(ABOUT THIS EXERCISE)
Write out all of the data without omission, exactly as shown.

[Web page caption snippets]
☆ ☆ ☆ ☆ ☆ ☆ ☆
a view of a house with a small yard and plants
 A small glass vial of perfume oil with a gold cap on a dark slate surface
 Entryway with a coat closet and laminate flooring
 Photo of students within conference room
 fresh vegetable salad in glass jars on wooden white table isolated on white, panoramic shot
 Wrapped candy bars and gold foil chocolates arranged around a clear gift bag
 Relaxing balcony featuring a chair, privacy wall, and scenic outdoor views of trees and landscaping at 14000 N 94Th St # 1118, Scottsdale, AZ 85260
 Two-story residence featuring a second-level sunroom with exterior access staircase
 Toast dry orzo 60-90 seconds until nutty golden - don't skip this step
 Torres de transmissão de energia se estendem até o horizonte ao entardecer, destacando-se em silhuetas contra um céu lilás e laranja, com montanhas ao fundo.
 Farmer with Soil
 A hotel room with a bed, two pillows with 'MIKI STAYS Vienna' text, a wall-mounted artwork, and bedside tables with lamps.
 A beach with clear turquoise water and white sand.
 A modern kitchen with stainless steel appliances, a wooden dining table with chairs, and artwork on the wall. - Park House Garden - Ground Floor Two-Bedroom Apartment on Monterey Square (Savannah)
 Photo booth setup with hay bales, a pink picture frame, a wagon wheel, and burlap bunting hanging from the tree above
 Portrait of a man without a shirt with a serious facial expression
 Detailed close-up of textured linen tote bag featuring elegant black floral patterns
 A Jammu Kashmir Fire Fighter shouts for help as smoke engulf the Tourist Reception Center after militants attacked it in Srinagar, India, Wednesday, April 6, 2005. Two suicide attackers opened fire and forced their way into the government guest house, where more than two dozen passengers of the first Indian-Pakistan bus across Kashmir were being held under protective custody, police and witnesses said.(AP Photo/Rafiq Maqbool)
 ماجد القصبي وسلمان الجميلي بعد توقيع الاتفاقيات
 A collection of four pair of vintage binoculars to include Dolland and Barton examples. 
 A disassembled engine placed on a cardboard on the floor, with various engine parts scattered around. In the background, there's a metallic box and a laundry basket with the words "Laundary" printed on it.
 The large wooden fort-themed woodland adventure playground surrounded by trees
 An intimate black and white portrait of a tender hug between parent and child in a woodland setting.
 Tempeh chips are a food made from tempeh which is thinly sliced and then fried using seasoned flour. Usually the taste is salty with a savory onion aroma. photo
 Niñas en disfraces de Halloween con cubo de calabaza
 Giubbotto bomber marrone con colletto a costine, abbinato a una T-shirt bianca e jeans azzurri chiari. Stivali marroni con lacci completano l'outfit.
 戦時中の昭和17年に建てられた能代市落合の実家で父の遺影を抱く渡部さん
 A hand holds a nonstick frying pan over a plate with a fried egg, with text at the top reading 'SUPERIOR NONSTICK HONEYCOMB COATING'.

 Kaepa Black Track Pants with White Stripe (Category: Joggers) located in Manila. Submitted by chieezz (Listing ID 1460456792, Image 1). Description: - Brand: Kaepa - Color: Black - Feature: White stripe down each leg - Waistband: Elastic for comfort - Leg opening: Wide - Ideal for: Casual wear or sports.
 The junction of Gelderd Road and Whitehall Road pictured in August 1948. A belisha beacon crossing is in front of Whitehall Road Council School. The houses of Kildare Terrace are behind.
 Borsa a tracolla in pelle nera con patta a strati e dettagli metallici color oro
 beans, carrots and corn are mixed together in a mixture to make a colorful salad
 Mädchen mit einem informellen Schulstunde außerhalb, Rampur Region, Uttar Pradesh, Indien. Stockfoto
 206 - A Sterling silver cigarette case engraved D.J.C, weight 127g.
☆ ☆ ☆ ☆ ☆ ☆ ☆
(REPLY)
a view of a house with a small yard and plants
 A small glass vial of perfume oil with a gold cap on a dark slate surface
 Entryway with a coat closet and laminate flooring
 Photo of students within conference room
 fresh vegetable salad in glass jars on wooden white table isolated on white, panoramic shot
 Wrapped candy bars and gold foil chocolates arranged around a clear gift bag
 Relaxing balcony featuring a chair, privacy wall, and scenic outdoor views of trees and landscaping at 14000 N 94Th St # 1118, Scottsdale, AZ 85260
 Two-story residence featuring a second-level sunroom with exterior access staircase
 Toast dry orzo 60-90 seconds until nutty golden - don't skip this step
 Torres de transmissão de energia se estendem até o horizonte ao entardecer, destacando-se em silhuetas contra um céu lilás e laranja, com montanhas ao fundo.
 Farmer with Soil
 A hotel room with a bed, two pillows with 'MIKI STAYS Vienna' text, a wall-mounted artwork, and bedside tables with lamps.
 A beach with clear turquoise water and white sand.
 A modern kitchen with stainless steel appliances, a wooden dining table with chairs, and artwork on the wall. - Park House Garden - Ground Floor Two-Bedroom Apartment on Monterey Square (Savannah)
 Photo booth setup with hay bales, a pink picture frame, a wagon wheel, and burlap bunting hanging from the tree above
 Portrait of a man without a shirt with a serious facial expression
 Detailed close-up of textured linen tote bag featuring elegant black floral patterns
 A Jammu Kashmir Fire Fighter shouts for help as smoke engulf the Tourist Reception Center after militants attacked it in Srinagar, India, Wednesday, April 6, 2005. Two suicide attackers opened fire and forced their way into the government guest house, where more than two dozen passengers of the first Indian-Pakistan bus across Kashmir were being held under protective custody, police and witnesses said.(AP Photo/Rafiq Maqbool)
 ماجد القصبي وسلمان الجميلي بعد توقيع الاتفاقيات
 A collection of four pair of vintage binoculars to include Dolland and Barton examples. 
 A disassembled engine placed on a cardboard on the floor, with various engine parts scattered around. In the background, there's a metallic box and a laundry basket with the words "Laundary" printed on it.
 The large wooden fort-themed woodland adventure playground surrounded by trees
 An intimate black and white portrait of a tender hug between parent and child in a woodland setting.
 Tempeh chips are a food made from tempeh which is thinly sliced and then fried using seasoned flour. Usually the taste is salty with a savory onion aroma. photo
 Niñas en disfraces de Halloween con cubo de calabaza
 Giubbotto bomber marrone con colletto a costine, abbinato a una T-shirt bianca e jeans azzurri chiari. Stivali marroni con lacci completano l'outfit.
 戦時中の昭和17年に建てられた能代市落合の実家で父の遺影を抱く渡部さん
 A hand holds a nonstick frying pan over a plate with a fried egg, with text at the top reading 'SUPERIOR NONSTICK HONEYCOMB COATING'.

 Kaepa Black Track Pants with White Stripe (Category: Joggers) located in Manila. Submitted by chieezz (Listing ID 1460456792, Image 1). Description: - Brand: Kaepa - Color: Black - Feature: White stripe down each leg - Waistband: Elastic for comfort - Leg opening: Wide - Ideal for: Casual wear or sports.
 The junction of Gelderd Road and Whitehall Road pictured in August 1948. A belisha beacon crossing is in front of Whitehall Road Council School. The houses of Kildare Terrace are behind.
 Borsa a tracolla in pelle nera con patta a strati e dettagli metallici color oro
 beans, carrots and corn are mixed together in a mixture to make a colorful salad
 Mädchen mit einem informellen Schulstunde außerhalb, Rampur Region, Uttar Pradesh, Indien. Stockfoto
 206 - A Sterling silver cigarette case engraved D.J.C, weight 127g.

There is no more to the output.